● Your task
Among the lines of data below, reproduce only those from the one with "Elevete x Laurels" through the one with "شکت کلاهدار دکمه چوبی", exactly as they stand, both ends included.

● Extracted data
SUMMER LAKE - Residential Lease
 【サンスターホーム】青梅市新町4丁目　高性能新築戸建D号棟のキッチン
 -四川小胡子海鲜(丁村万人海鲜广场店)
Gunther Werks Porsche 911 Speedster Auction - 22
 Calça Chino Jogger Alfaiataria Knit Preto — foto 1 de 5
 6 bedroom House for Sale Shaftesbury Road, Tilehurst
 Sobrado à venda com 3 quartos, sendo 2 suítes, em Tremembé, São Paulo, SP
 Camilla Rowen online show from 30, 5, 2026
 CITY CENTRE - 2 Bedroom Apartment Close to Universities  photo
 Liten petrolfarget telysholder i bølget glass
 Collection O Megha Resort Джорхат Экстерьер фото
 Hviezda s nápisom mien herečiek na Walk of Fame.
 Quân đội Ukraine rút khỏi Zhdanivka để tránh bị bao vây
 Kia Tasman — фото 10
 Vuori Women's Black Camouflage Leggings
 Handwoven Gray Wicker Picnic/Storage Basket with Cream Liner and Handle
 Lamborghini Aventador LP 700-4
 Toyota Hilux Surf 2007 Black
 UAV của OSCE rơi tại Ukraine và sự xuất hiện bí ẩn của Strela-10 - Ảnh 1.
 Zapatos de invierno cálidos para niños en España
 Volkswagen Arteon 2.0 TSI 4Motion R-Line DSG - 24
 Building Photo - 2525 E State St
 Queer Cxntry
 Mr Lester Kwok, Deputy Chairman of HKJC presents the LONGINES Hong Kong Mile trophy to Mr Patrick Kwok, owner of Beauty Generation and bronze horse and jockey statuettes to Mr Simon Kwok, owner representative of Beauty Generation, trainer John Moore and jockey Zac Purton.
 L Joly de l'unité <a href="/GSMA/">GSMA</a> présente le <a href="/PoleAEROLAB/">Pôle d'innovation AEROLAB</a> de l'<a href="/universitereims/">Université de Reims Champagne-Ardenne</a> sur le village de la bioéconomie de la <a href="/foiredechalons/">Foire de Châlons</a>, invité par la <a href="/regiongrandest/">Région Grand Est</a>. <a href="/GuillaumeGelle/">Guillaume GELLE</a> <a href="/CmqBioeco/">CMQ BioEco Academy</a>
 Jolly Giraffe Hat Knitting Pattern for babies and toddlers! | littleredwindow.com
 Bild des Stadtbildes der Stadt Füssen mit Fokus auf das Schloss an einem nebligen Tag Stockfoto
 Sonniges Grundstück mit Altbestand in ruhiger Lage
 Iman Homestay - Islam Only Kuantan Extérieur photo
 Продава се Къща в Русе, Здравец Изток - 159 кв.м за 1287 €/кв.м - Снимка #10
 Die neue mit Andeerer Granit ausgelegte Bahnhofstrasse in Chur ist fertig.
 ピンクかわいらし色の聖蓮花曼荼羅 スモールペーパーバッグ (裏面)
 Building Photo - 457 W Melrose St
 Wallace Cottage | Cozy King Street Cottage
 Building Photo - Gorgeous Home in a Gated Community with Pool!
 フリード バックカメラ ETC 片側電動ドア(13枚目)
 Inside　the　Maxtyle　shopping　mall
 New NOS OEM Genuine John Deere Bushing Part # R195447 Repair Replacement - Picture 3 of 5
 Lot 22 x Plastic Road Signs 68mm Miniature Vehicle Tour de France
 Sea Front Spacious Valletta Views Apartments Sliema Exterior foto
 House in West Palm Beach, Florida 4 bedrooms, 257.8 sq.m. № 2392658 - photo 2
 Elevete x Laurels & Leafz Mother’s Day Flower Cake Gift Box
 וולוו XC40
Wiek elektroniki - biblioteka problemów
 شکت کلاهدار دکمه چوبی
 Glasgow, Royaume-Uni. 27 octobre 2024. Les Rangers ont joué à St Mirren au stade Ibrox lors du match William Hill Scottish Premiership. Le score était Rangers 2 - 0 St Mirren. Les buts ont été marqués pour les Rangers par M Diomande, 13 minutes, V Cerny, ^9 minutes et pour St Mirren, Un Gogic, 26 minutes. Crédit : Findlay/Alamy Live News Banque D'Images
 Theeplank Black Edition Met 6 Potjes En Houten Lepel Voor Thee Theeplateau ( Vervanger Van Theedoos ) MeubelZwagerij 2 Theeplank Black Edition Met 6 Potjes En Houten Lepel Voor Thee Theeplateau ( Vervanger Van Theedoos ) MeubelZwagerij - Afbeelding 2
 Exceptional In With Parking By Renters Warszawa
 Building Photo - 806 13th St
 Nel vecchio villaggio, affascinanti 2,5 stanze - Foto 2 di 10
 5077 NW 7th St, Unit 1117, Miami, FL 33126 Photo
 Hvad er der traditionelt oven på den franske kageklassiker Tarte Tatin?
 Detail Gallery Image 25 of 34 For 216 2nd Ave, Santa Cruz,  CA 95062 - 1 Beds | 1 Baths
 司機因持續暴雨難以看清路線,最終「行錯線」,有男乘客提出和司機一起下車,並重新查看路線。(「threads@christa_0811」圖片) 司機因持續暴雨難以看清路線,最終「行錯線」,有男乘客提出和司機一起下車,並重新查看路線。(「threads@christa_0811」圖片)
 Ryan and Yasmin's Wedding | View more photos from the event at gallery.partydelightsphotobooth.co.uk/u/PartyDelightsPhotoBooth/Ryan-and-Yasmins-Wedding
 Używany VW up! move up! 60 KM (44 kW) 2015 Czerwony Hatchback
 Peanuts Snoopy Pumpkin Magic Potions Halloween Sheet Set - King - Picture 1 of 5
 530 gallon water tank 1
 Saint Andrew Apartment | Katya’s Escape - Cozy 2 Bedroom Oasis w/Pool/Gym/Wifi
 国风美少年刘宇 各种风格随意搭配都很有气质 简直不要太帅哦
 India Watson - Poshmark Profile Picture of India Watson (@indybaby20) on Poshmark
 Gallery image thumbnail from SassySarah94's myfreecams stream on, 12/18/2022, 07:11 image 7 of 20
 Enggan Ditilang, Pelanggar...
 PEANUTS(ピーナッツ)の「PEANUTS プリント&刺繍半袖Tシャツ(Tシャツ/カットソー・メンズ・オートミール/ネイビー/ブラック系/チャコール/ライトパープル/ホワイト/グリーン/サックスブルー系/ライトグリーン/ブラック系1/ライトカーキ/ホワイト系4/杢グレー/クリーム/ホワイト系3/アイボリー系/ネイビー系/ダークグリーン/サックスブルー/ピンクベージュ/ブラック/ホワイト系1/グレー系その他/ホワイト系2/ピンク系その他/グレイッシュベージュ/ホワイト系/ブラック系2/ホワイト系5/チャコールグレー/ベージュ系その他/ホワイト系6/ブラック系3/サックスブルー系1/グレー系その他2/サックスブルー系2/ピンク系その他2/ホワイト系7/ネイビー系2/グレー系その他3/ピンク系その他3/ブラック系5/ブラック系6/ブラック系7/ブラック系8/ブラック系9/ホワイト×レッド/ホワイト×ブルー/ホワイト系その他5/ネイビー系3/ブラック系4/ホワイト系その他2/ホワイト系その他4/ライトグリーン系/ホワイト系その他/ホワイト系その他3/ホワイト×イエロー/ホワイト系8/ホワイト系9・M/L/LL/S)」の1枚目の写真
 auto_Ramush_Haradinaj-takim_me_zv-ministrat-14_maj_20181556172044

● Expected answer
 Elevete x Laurels & Leafz Mother’s Day Flower Cake Gift Box
 וולוו XC40
Wiek elektroniki - biblioteka problemów
 شکت کلاهدار دکمه چوبی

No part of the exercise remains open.